HOW TO COMPLETE THIS TASK> Take nothing but the lines from the one with "Push Paper Clips" through the one with "Hunter 48004 Matte" in the entries below, both ends kept, and return them exactly with pictures left out.

+ + + + + + +

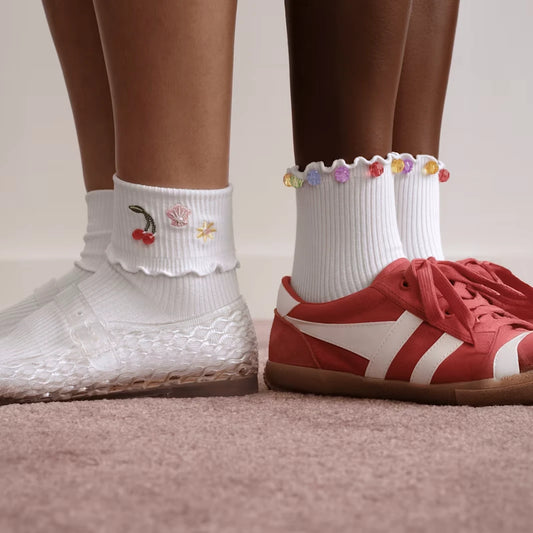 Bombas x Susan Alexandra Embellished Ruffle Rib Quarter Sock 2-Pack - US 3017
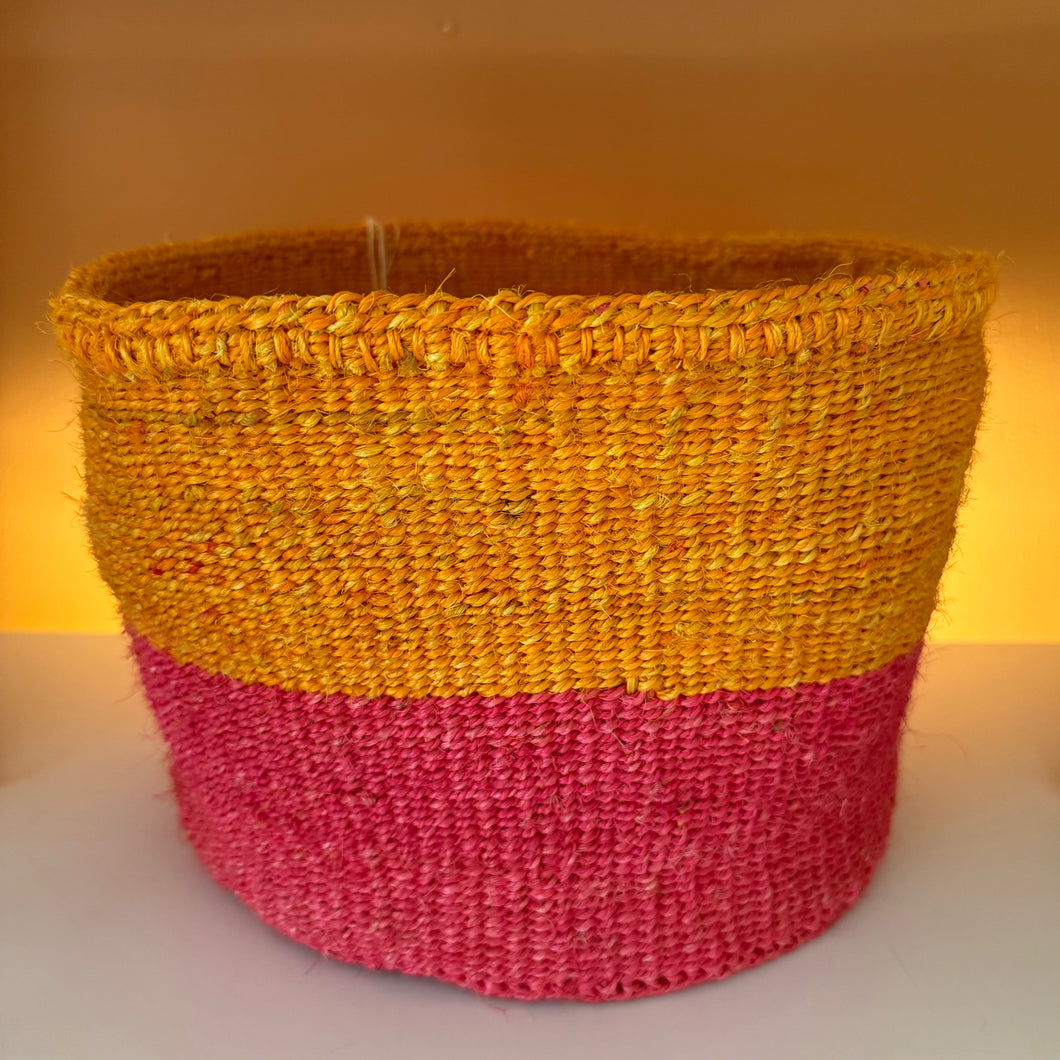 Large Colour Block Woven Basket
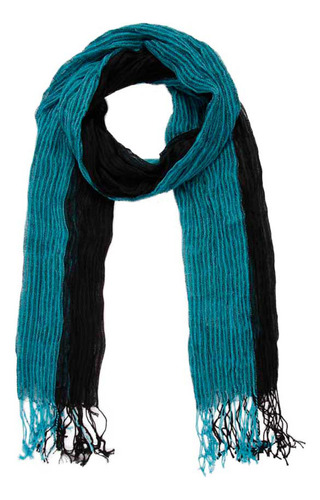 Echarpe Xale Lenço Cachecol Pashmina Duo Franja Lisa Moda Cor Preto e azul Tamanho U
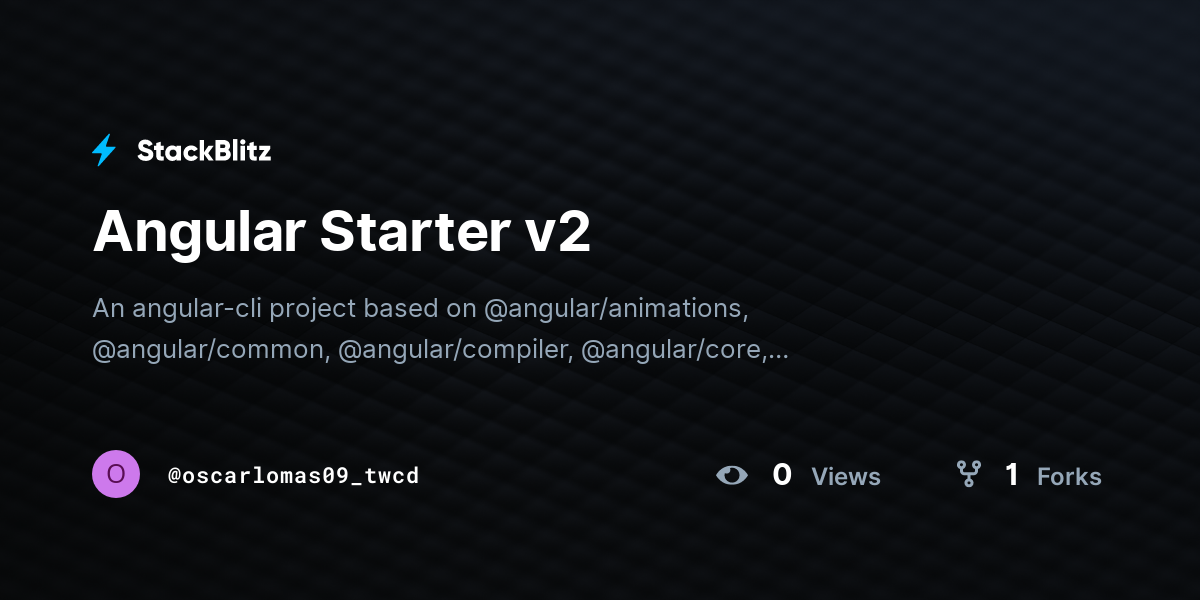 Angular Starter v2 - StackBlitz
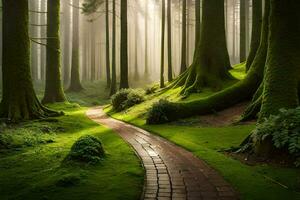 un camino mediante un bosque con arboles y césped. generado por ai foto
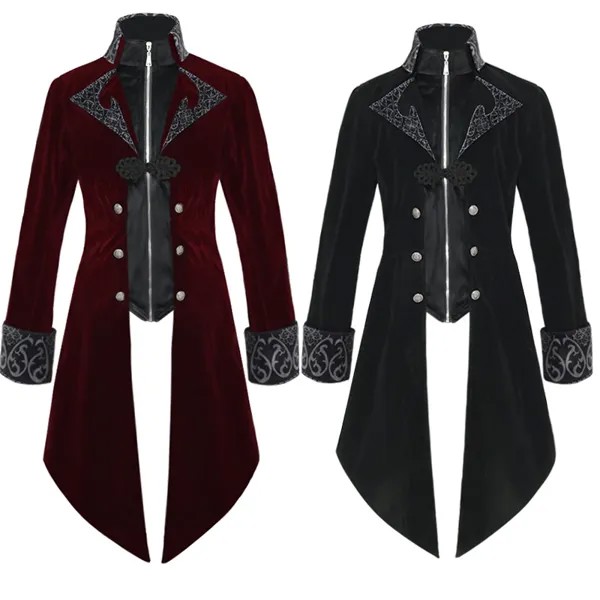 Модель 2022 года, Мужская средневековая ретро-куртка, готическое платье, пальто, смокинг, официальный костюм на Хэллоуин, мужские большие паль...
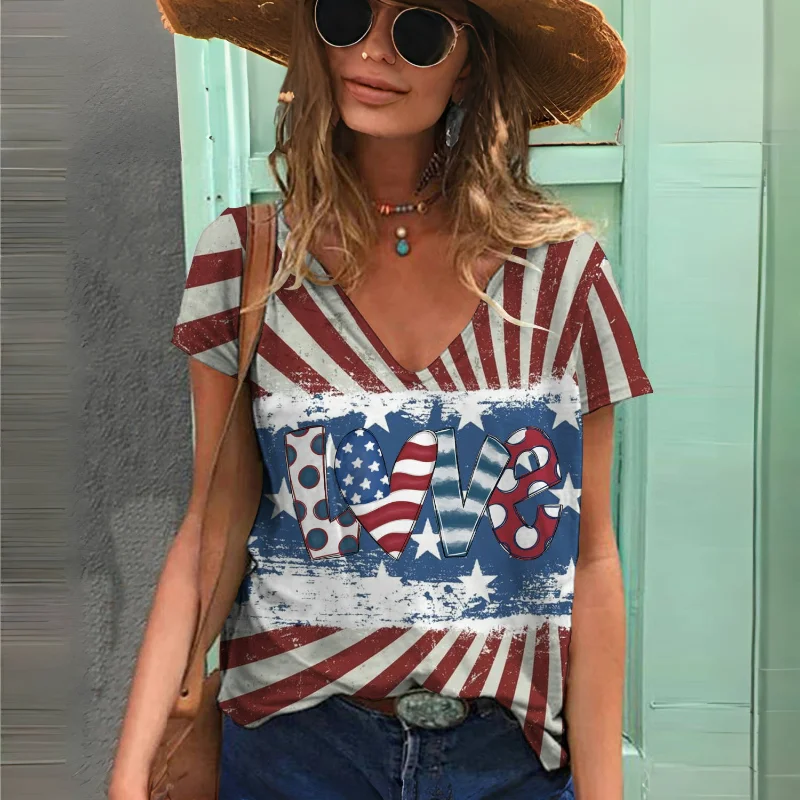 

American Flag Printed T-Shirt for Women 4th of July Tops Independence Day Casual V-Neck Streetwear Tees USA Patriotic T-Shirts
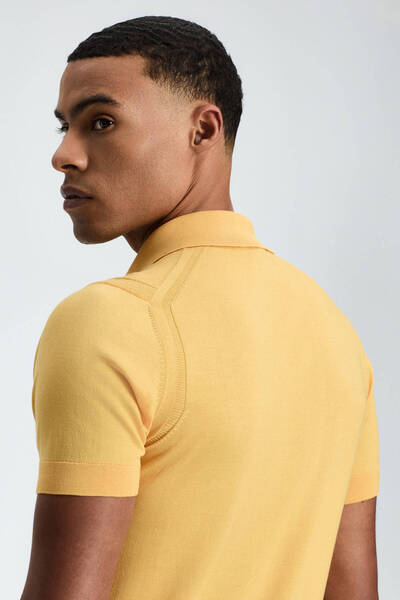 Hemington Silk Cotton Blend Zipper Detailed Yellow Knitwear Polo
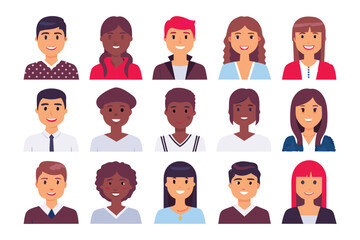 Diverse Portrait Set: A collection of stylized portraits showcasing a variety of expressions and appearances, ready for any project.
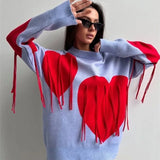 Poshoot Heart Print Sweater Women's O-Neck Long Sleeve Pullover Sweater Casual Knitted Tassel Sweater Loose Women's Streetwear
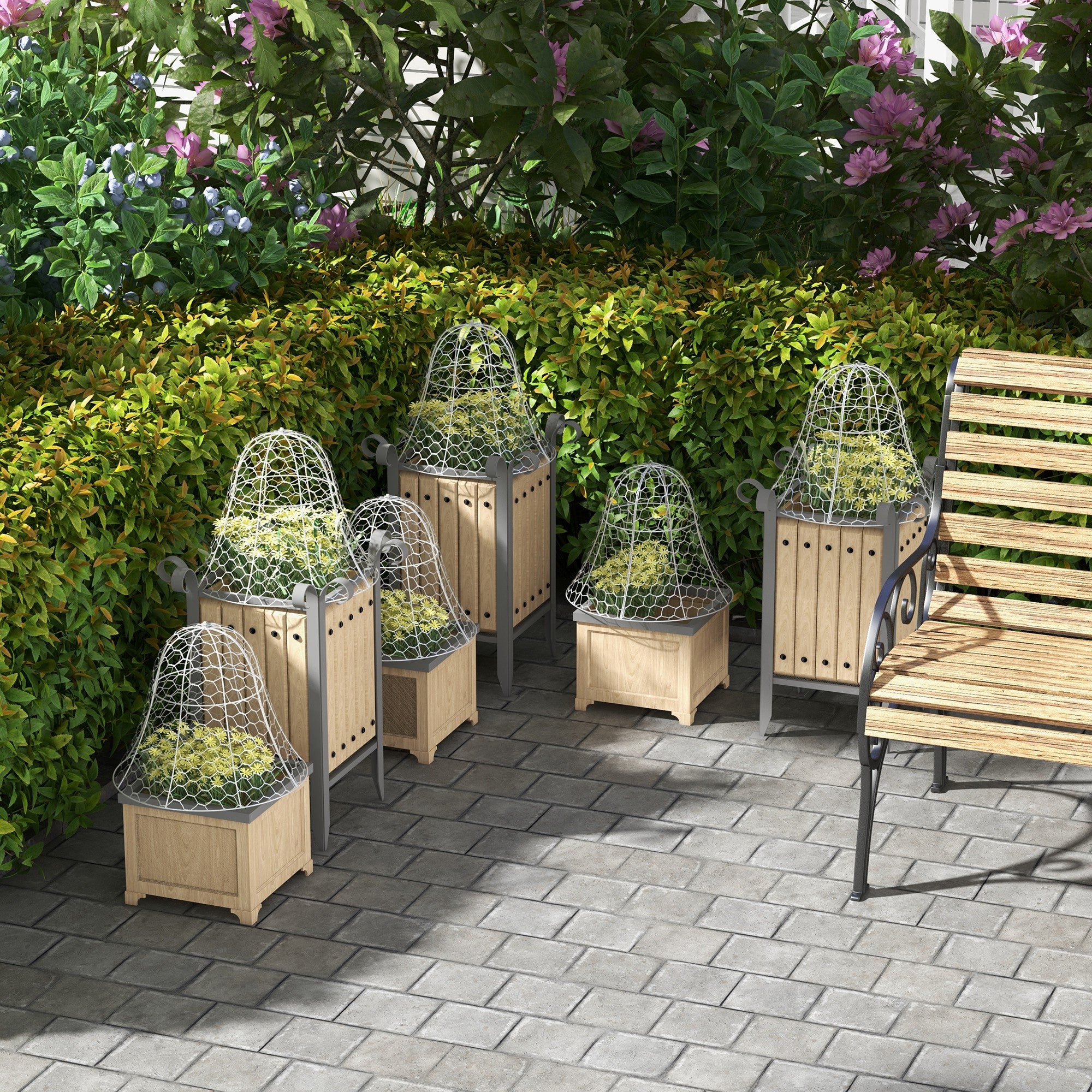 6 Pack Garden Cloches for Plants, 16" x 13" Metal Crop Cage, Plant Cages to Keep Animals Out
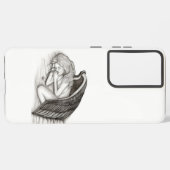Ein schlafender Engel , schwarz-weiß Design Samsung Galaxy Hülle (Rückseite (Horizontal))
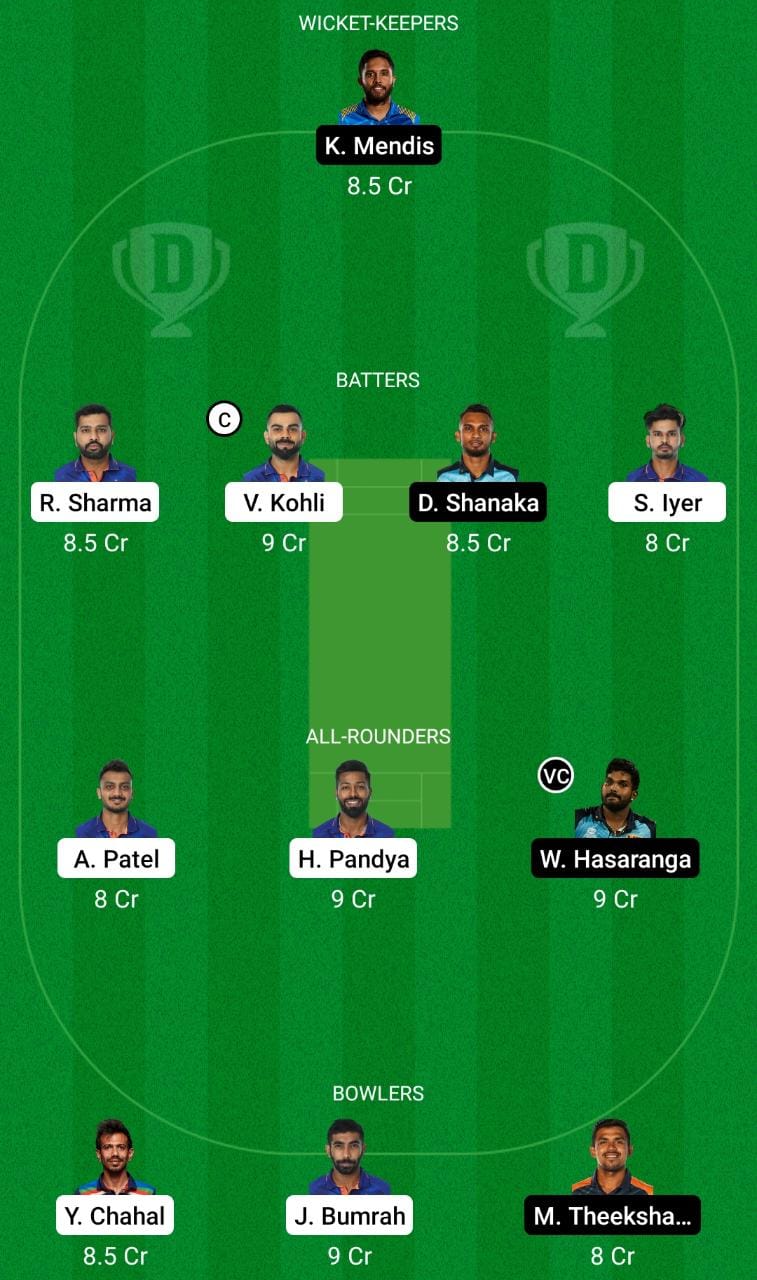 IND vs SL Dream 11 Prediction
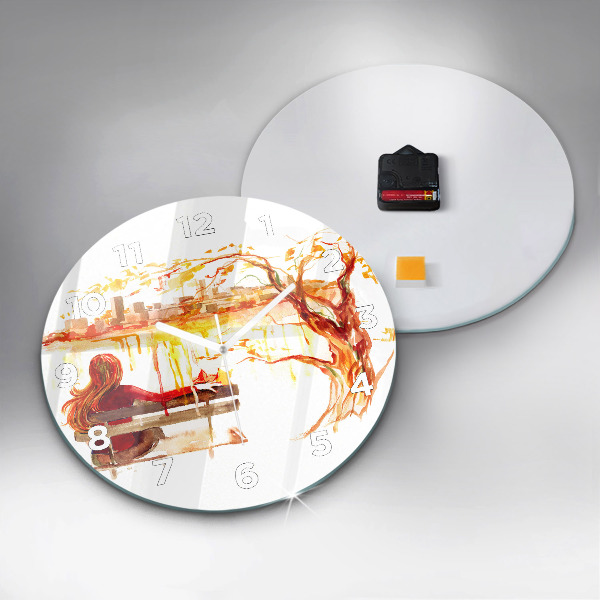 Kulaté skleněné hodiny s fotkou Podzimní krajina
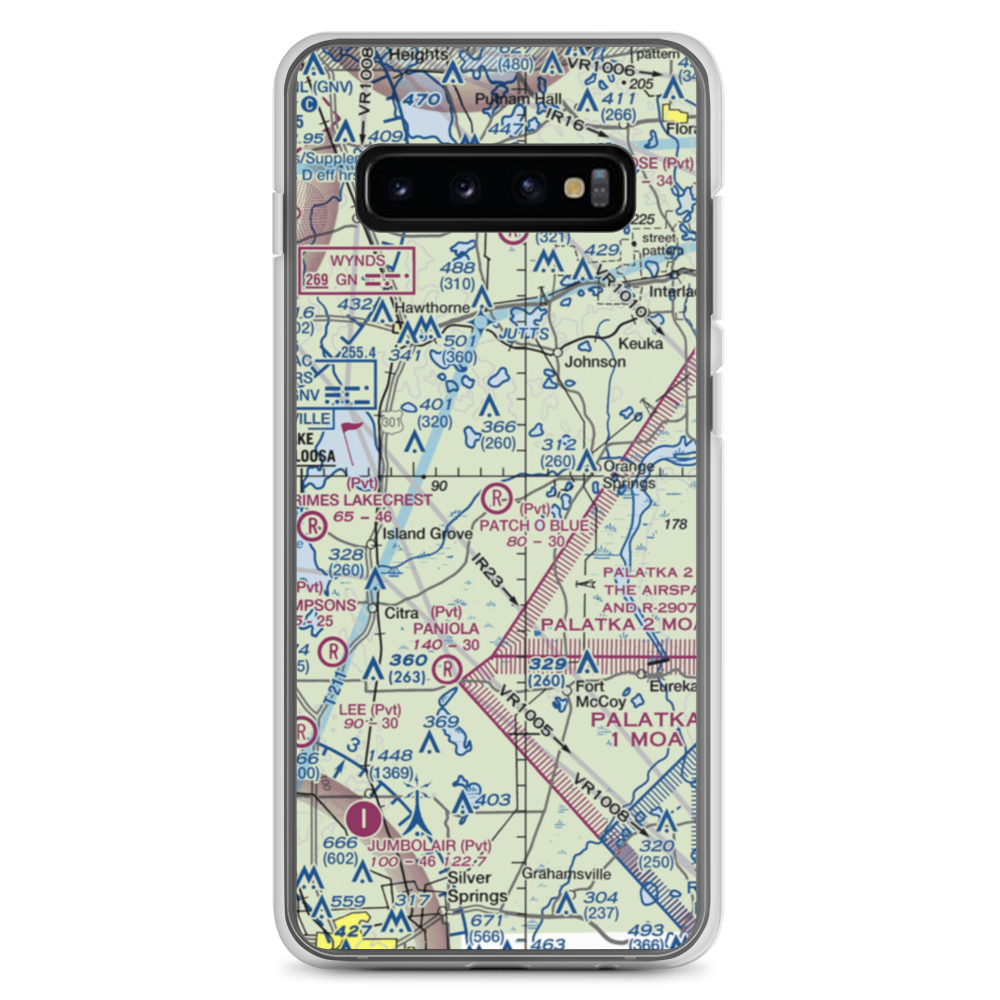 Patch O Blue Airport (FD02) VFR Sectional Samsung Case Samsung Galaxy S10+ model shown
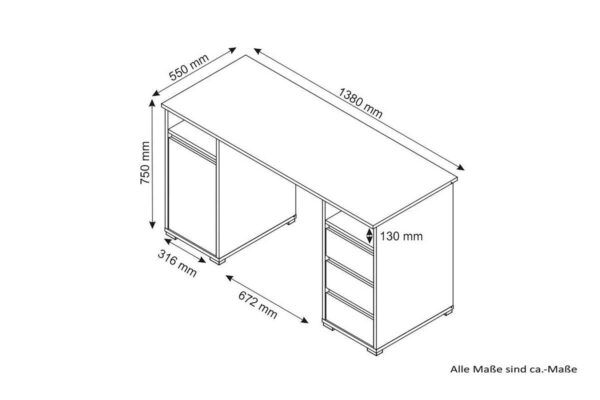 Schreibtisch LOBO Eiche Nachbildung anthrazit B/H/T: ca. 138x75x55 cm – Bild 2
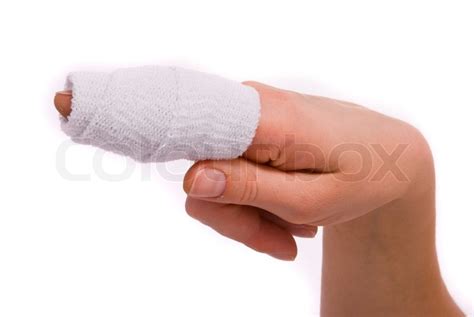 White Medicine Bandage On Human Injury Stock Image Colourbox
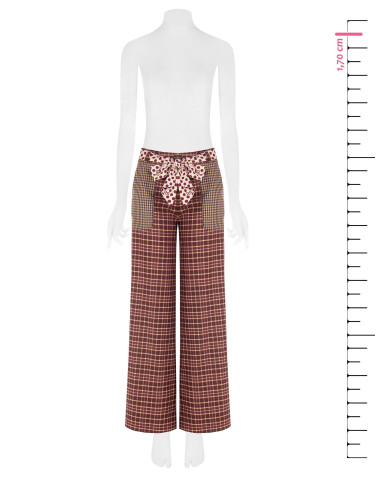 Pantalon palazzo style patchwork avec foulard logotypé à la taille Rinascimento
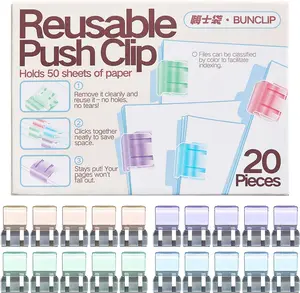 Push Paper Clips & Binder Clips, 20 Pack Medium Reusable Heavy Duty Clamps, No Damage No Marks, 50 Sheet Capacity for Office, School, Home Organization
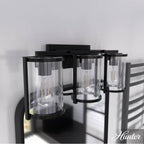 Hunter 48004 Matte Black Astwood Matte Black With Clear Glass 3 Light Vanity Wall Light Fixture Image 4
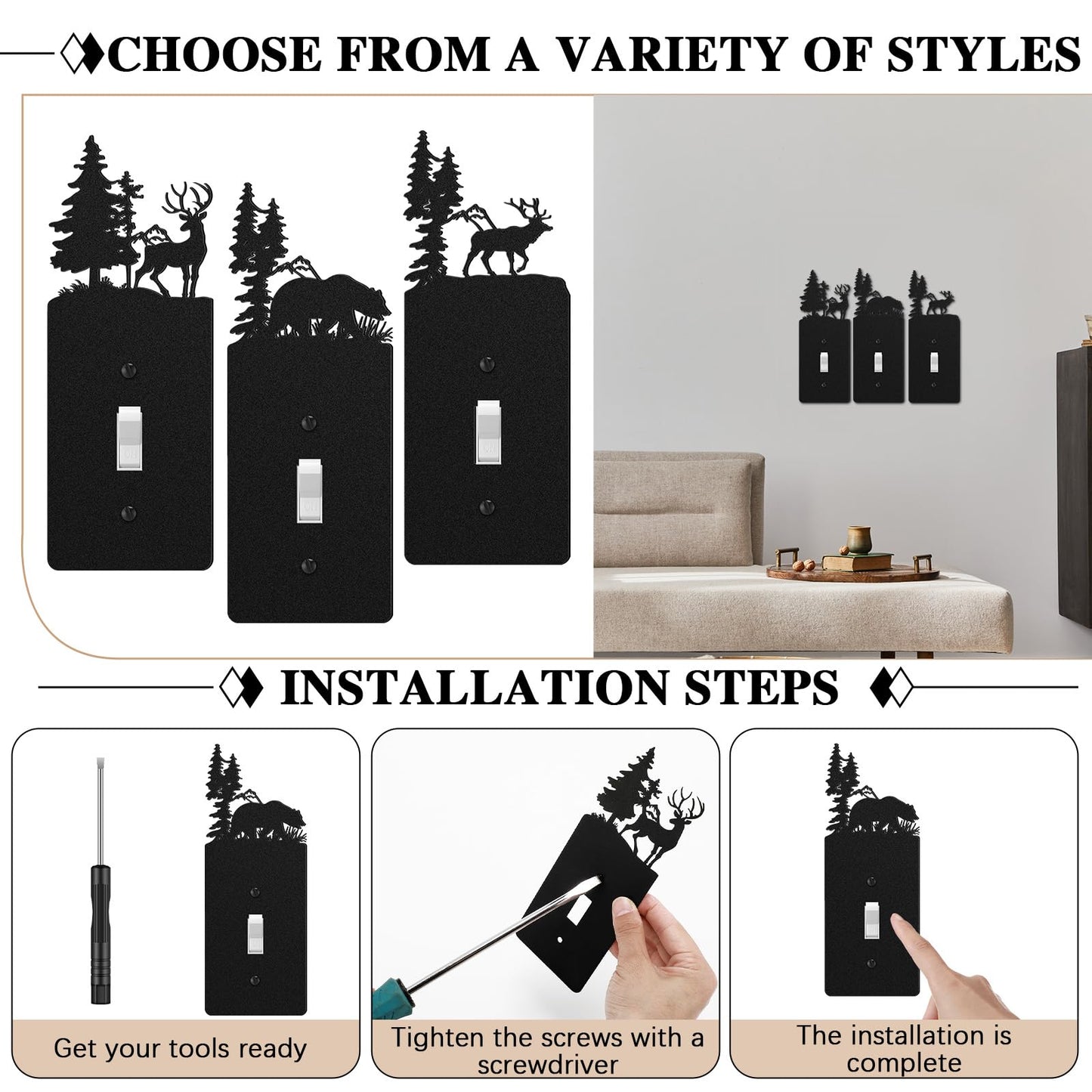 Flutesan 3 Pieces Metal Bear Light Switch Cover Plate Rustic Toggle Moose Light Switch Cover Cute Nature Animal Mountain Outlet Plate Decorative for Bedroom Home Office (Exquisite)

+ + + + + + +

RESULT OF THE EXERCISE>
 Push Paper Clips & Binder Clips, 20 Pack Medium Reusable Heavy Duty Clamps, No Damage No Marks, 50 Sheet Capacity for Office, School, Home Organization
 Hunter 48004 Matte Black Astwood Matte Black With Clear Glass 3 Light Vanity Wall Light Fixture Image 4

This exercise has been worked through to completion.